Melissa was a sweet girl, really. She had been the president of her sorority at Northwestern or somewhere, and she coordinated firm-wide volunteer activities every quarter or so. She was interested in non-profit management, and I’m pretty sure that is what she is pursuing at present; more power to her. There were two most essentially and frustratingly unfair things about her, though. One, she came off – on your average first meeting, first-impression – as the dumbest rich girl you’ve ever met. Two, she moved in – quickly – on the one firm partner who remained an attractive and eligible bachelor. Despite the first and largely due to the second, Melissa was hugely successful as a business analyst. Oh, and one other thing – she refused to take public transportation. Grr!

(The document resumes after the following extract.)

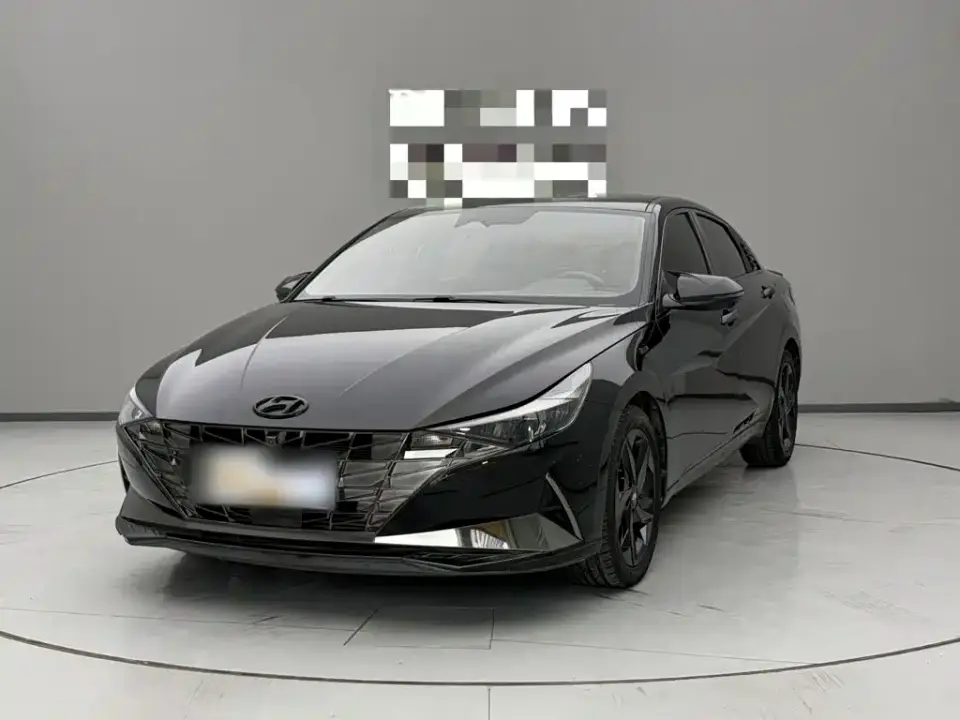 Hyundai Elantra 240TGDi DCT TOP Flagship Edition 2020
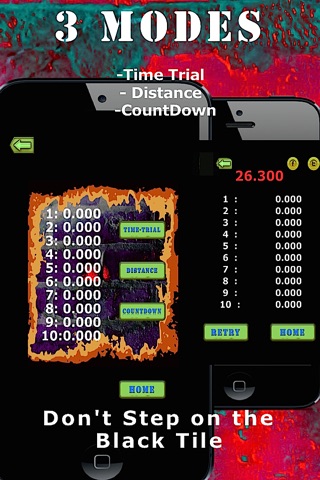 Red Tile -Fastest Finger Brain Strain Game screenshot 4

I had learned, via Facebook a few days prior to the whole paper-store episode, that Melissa and her Consulting Partner boyfriend were engaged. When I saw it on the newsfeed, my brain had a mini anger spasm and I think a small invisible puff of smoke may have escaped over my head. I flashed back to that constant feeling whenever I saw her around the office, my need to scream, “doesn’t anyone see that she took this job to get her M.R.S.?!” and feeling sorry for all the competent and immeasurably more intelligent-sounding, well-spoken candidates who lost the job to her.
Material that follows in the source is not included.